Девятнадцатая и Двадцатая сонаты — это детские опусы, которые Бетховен достал из своих юношеских архивов, чтобы хоть чем-то заполнить “пробел вдохновения”. Всерьёз говорить о них не стоит; впрочем, жалкие мелодические потуги там высмотреть можно.

Гораздо любопытнее Двадцать Первая соната, известная также под названием “Аврора”. Здесь Бетховен выступает не меньшим наглецом, чем в “Лунной”: соната начинается с тонического трезвучия, которое повторяется четырнадцать раз! И всё. Больше в этой теме ничего нет — ни мелодии, ни аккомпанемента! Ангажированные “апологеты бетховенского культа” заставляют нас верить, что именно в этом-то и заключается колоссальная находка. А я вот, например, призвав в союзники Я. Рубенчика, ни за что не могу с этим согласиться: что же тут такого особенного — взять и повторить один аккорд четырнадцать раз? Можно и не четырнадцать, а двадцать четыре раза. А можно — вообще четыреста сорок четыре раза, как это сейчас принято у американцев-минималистов. В чём же тогда будет заключаться композиторское искусство? Ведь это же — начало профанации профессии!

Пропустим Двадцать Вторую сонату — сочинение маловразумительное со всех точек зрения — и перейдём к Двадцать Третьей, знаменитой “Аппассионате”. В чём же её гениальность? Видимо, в том, что снова — как и в Первой, и в Пятой сонатах — вся ткань являет собой движение по звукам тонического трезвучия. Сколько выдумки! Сколько фантазии! Поистине “нечеловеческая музыка”! Так и хочется кого-нибудь “погладить” — дайте только чью-нибудь головку!..

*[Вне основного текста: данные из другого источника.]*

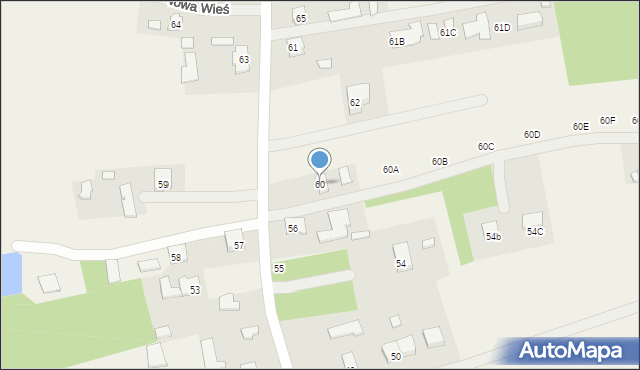 Nowa Wieś, Nowa Wieś, 60, mapa Nowa Wieś
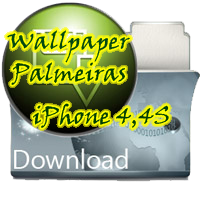 Wallpaper Palmeiras iPhone 4, 4S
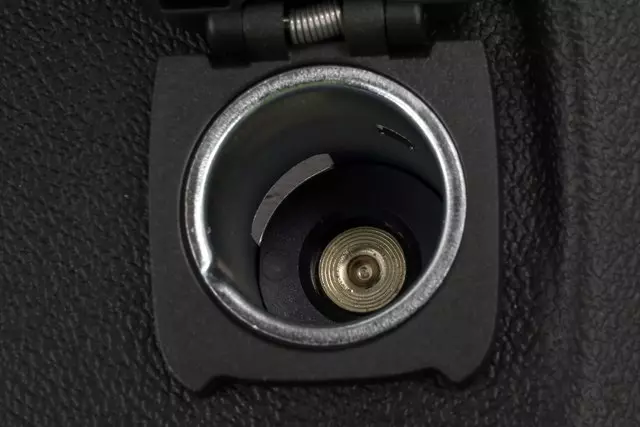 Jet Black Front Floor Console Rear Trim Panel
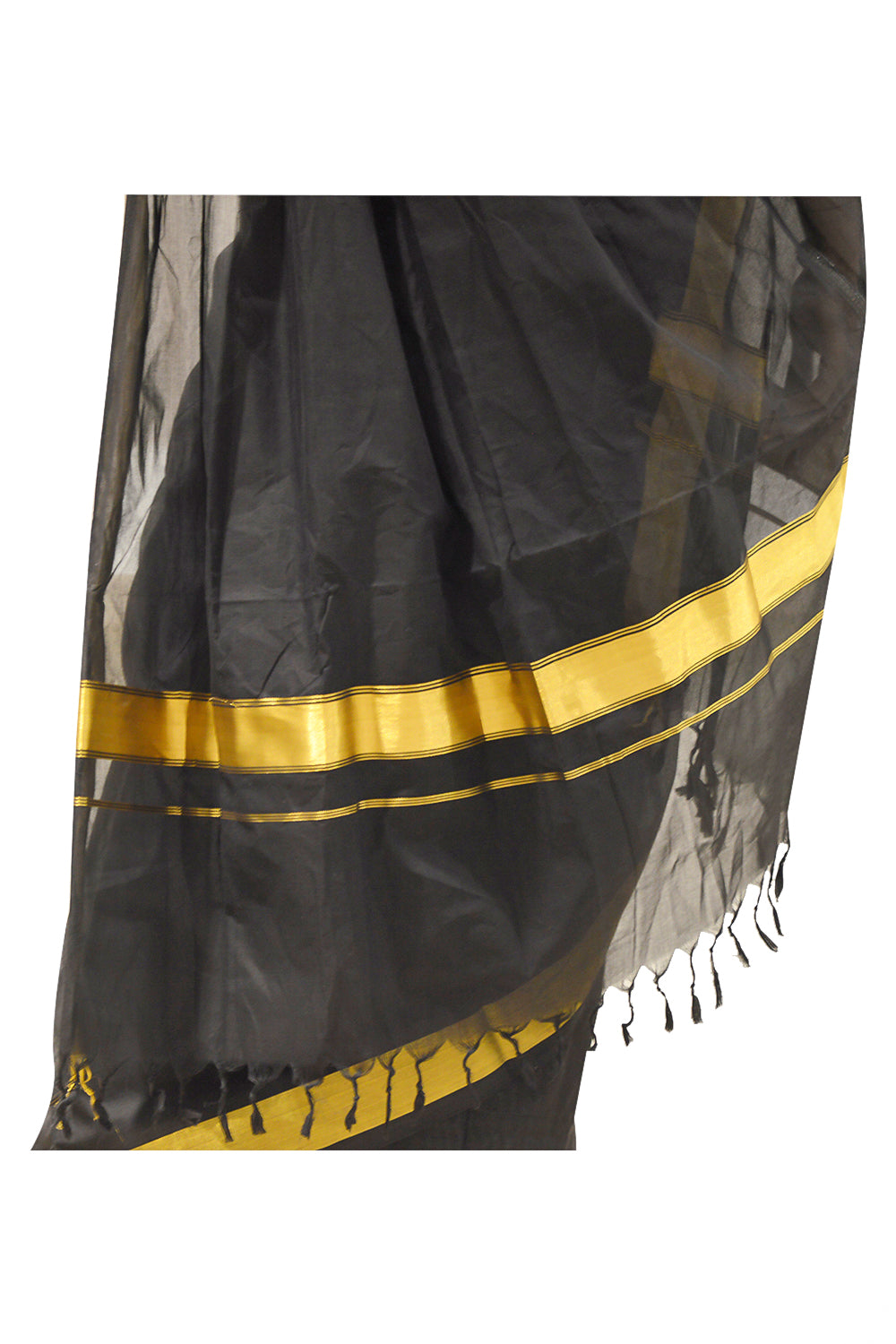 Kerala Traditional Black Colour Kasavu Saree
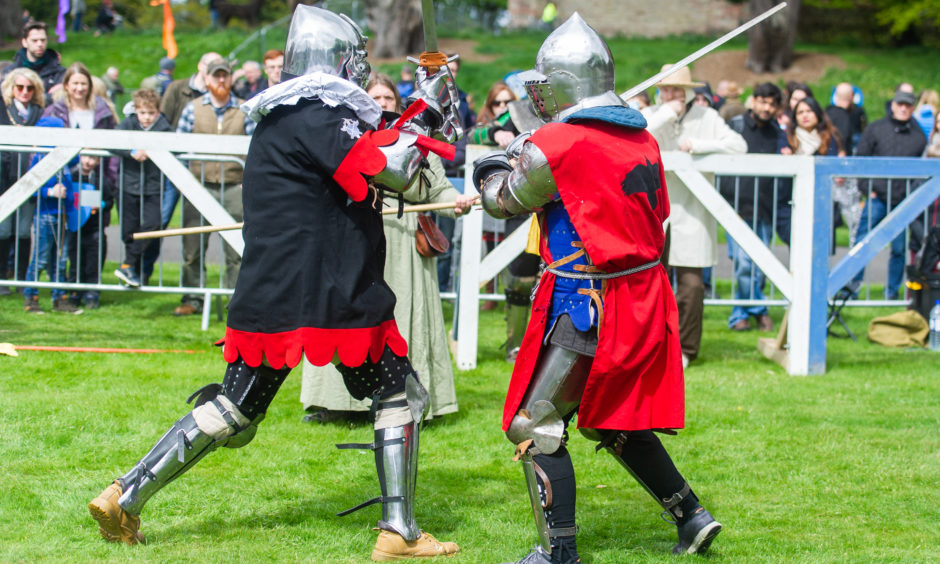 More than 2,000 visitors flocked to Scone Palace for the 15-year-old annual event.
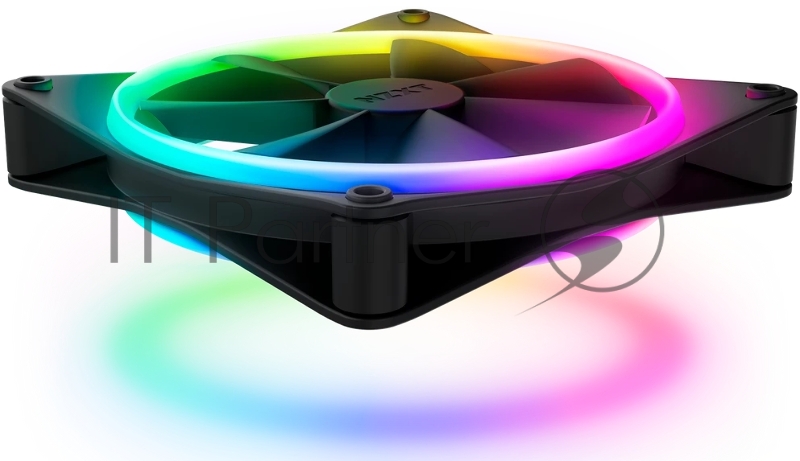 Кулер для корпуса ПК/ Case Cooler NZXT F140 RGB Duo (140x140x25mm, 4-pin PWM, RGB, 84.75CFM, 36dBA, 1800RPM, Black)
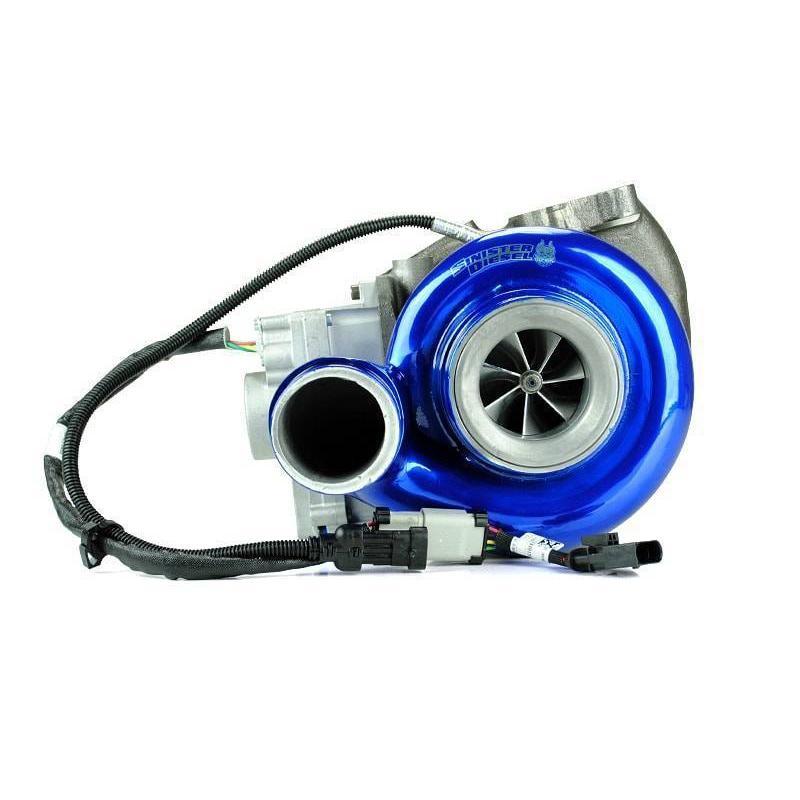 2007.5-2012 Cummins Pitbull Series 64.5mm Turbo (SD-PB-6.7C-TURBO)-Stock Turbocharger-Sinister-Dirty Diesel Customs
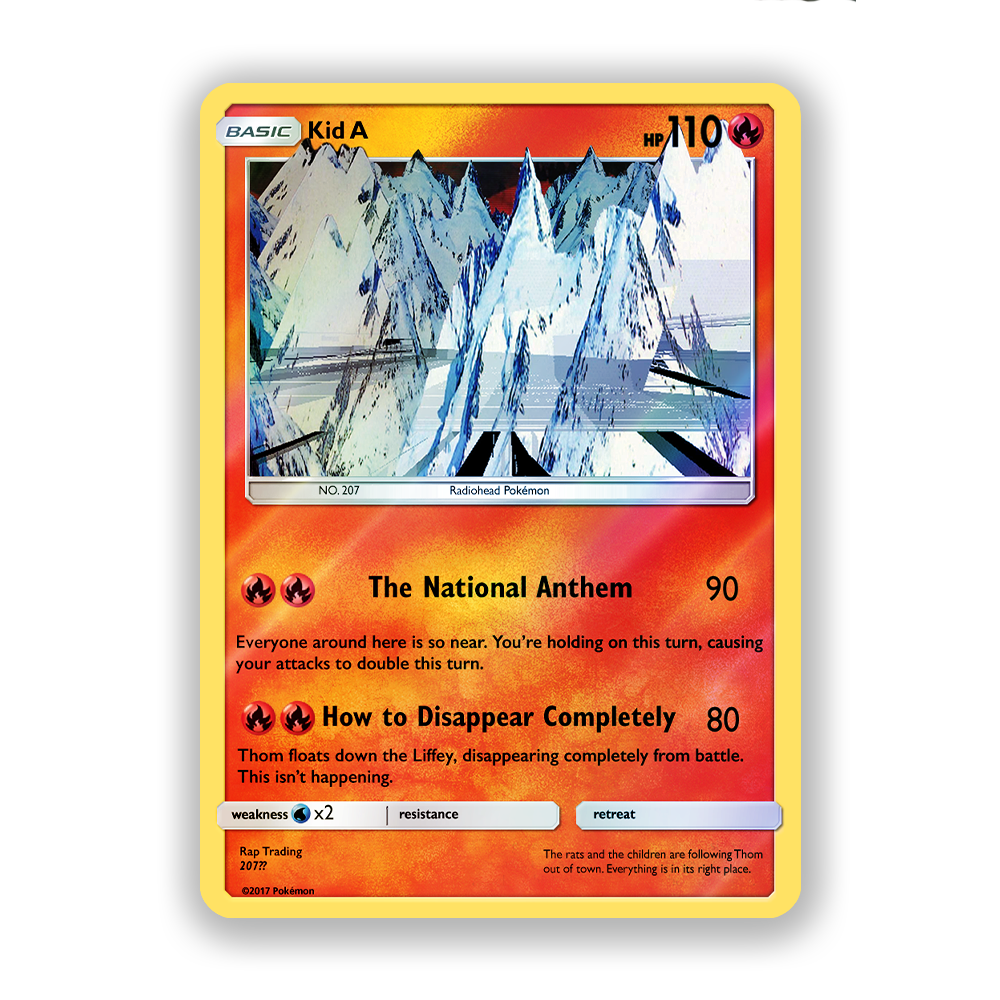 Radiohead Kid A Pokémon Card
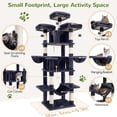 thumbnail image 4 of Torre Cat Tower Globlazer F80 Big Cat para gatos de interior, 2,03 m, 4 of 7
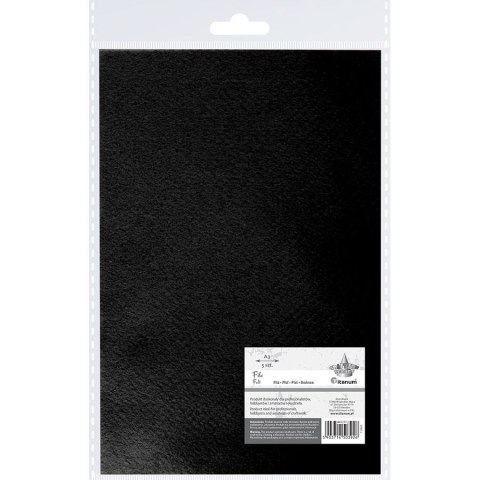 Filc Craft-Fun Series A3 kolor: czarny 5 ark. Titanum (F-20623)
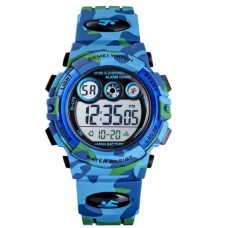 Наручний годинник чоловічий Skmei Kids Синій камуфляж (2104)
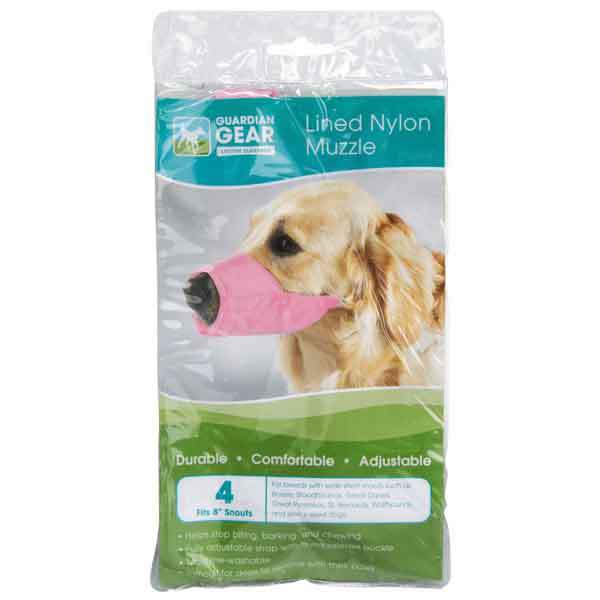 Guardian Gear Comfort NO BITE BARK LINED EZ FIT ADJUSTABLE DOG MUZZLE Training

Двадцать Четвёртая соната — сочинение переходного периода, в котором Бетховен полностью погряз в конструктивизме. Кроме того, нельзя не отметить, что эта соната написана в крайне неудобной тональности — в фа-диез-мажоре: из-за этого пианисту постоянно приходится соскальзывать с чёрных клавиш на белые, а затем “взлетать” с белых обратно на чёрные. Об отсутствии мелодии я уже не говорю — все привыкли: в сущности же, такой выбор тональности сам по себе является проигрышным замыслом.

Двадцать Пятая соната — снова впадение Бетховена в детство, причём в детство хулиганское: в финале этой сонаты верхний голос движется параллельными секундами. У Бартока это звучало бы нормально, но у Бетховена это звучит возмутительно; кроме того, этот верхний голос (опять и опять — ну сколько же можно!) движется по звукам тонического трезвучия.

После Двадцать Пятой сонаты Бетховен впадает в глубокий кризис, из которого не выходит до конца жизни. В Двадцать Шестой сонате (“Прощание”) он зачем-то написал фальшивые созвучия (там снова левая рука патологически не совпадает с правой). В Двадцать Седьмой сонате он сочинил совершенно идиотский эпизод, где все звуки гаммы звучат одновременно, — кто бы мог внятно объяснить, с какой целью он учинил такую какофонию! (Подозреваю, — просто захотел стать новатором на голом месте. Это, увы, случалось со многими композиторами!) Что же касается Двадцать Восьмой сонаты — то это чистейшей воды плагиат, где в качестве модели взяты поздние фортепианные сочинения Брамса. Однако Брамс, в отличие от Бетховена, обладал-таки недюжинным мелодическим даром — поэтому то, что у Брамса звучит божественно, у Бетховена похоже лишь на угловатую пародию.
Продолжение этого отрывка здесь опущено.